Consider unit square minus inscribed disc. Call it $W$.

By similiar argument that worked for the first part of the problem:

$\color{blue}{\forall\ \epsilon >0, \exists\ \text{partition}\ P\ \text{such that:}}$

$($area of all square tiles in $W)>\left( 1-\dfrac{\pi}{4} \right)- \epsilon$

From here how shall I reach?

$\implies\ ($area of all discs in $W)=\left( 1-\dfrac{\pi}{4} \right) (1-\epsilon) (a-\epsilon)$

$\implies\ ($area of all discs in square$)\ =\dfrac{\pi}{4} + \left( 1-\dfrac{\pi}{4} \right) (1-\epsilon) (a-\epsilon)<a$

Applying limit $1 \leq a$

Also $a \leq 1$

Therefore $a=1$

EDIT

Comment by Hagen:

I use a scaled down (almost) optimal packing only for those tiny squares that are not coverd by the big disc enscribed ot the big square.

Answer 1

By definition of $a$, we know that for any square with area $S$ and for any $\epsilon > 0$, we could find a finite set of disjoint circles inside the square with area $> aS - \epsilon$.

Now use that result for each square tile in $W$. The total area of those tiles is $> \left(1-\frac{\pi}{4}\right) - \epsilon$, so by putting a finite collection of disjoint circles in each of those tiles, we can end up with total area of circles $> a \left[ \left(1-\frac{\pi}{4}\right) - \epsilon \right] - \epsilon$, which simplifies to $a \left( 1 - \frac \pi 4 \right) - a \epsilon - \epsilon$.

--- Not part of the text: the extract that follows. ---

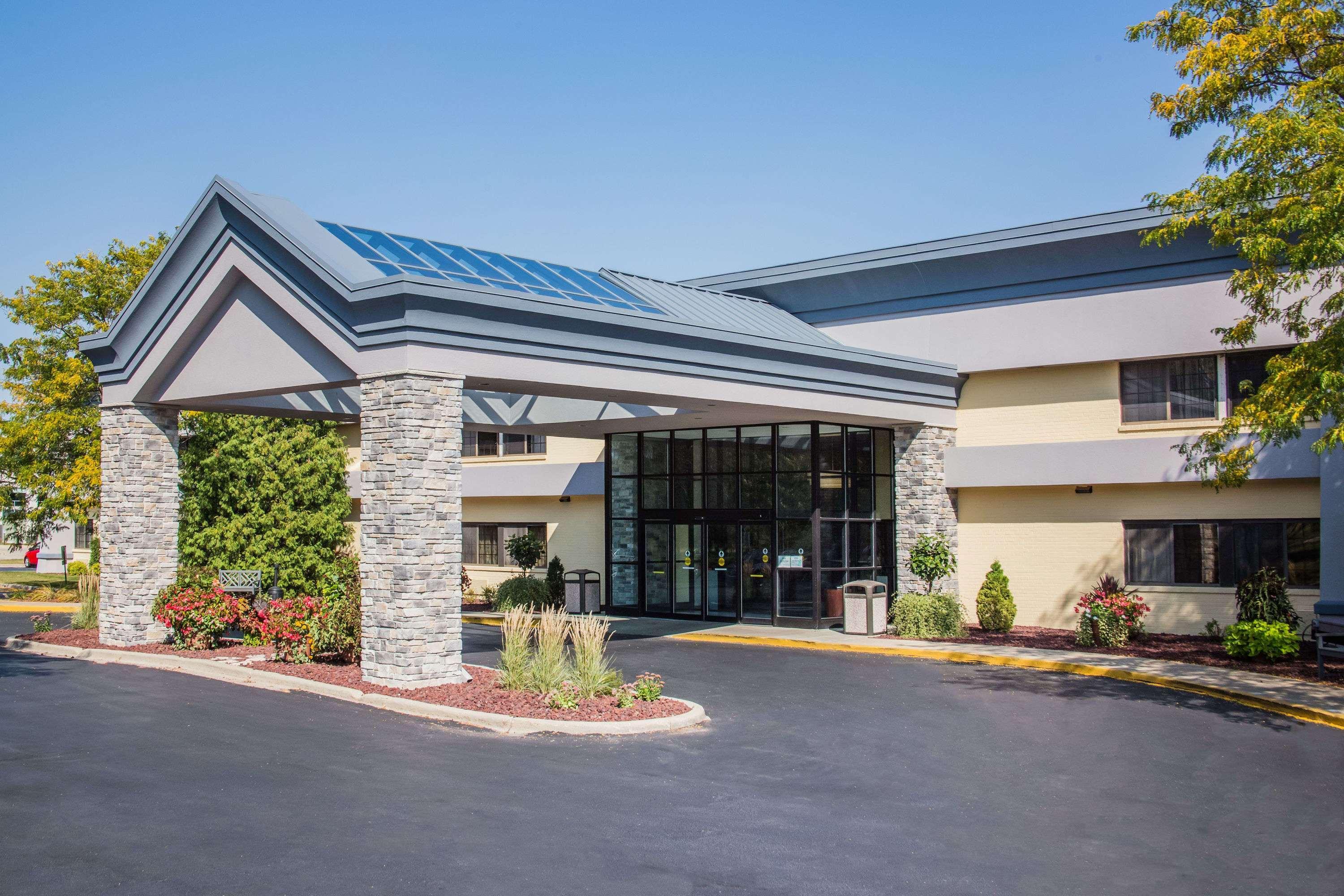 Baymont By Wyndham Madison West/Middleton Wi West Hotel Exterior photo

It looks like I applied the initial result in a slightly different way from Hagen, but the idea is the same and my result still works to let me finish the problem from there. In particular, we get $$\lim_{\epsilon \to 0} a \left( 1 - \frac \pi 4 \right) - a \epsilon - \epsilon = a \left( 1 - \frac \pi 4 \right).$$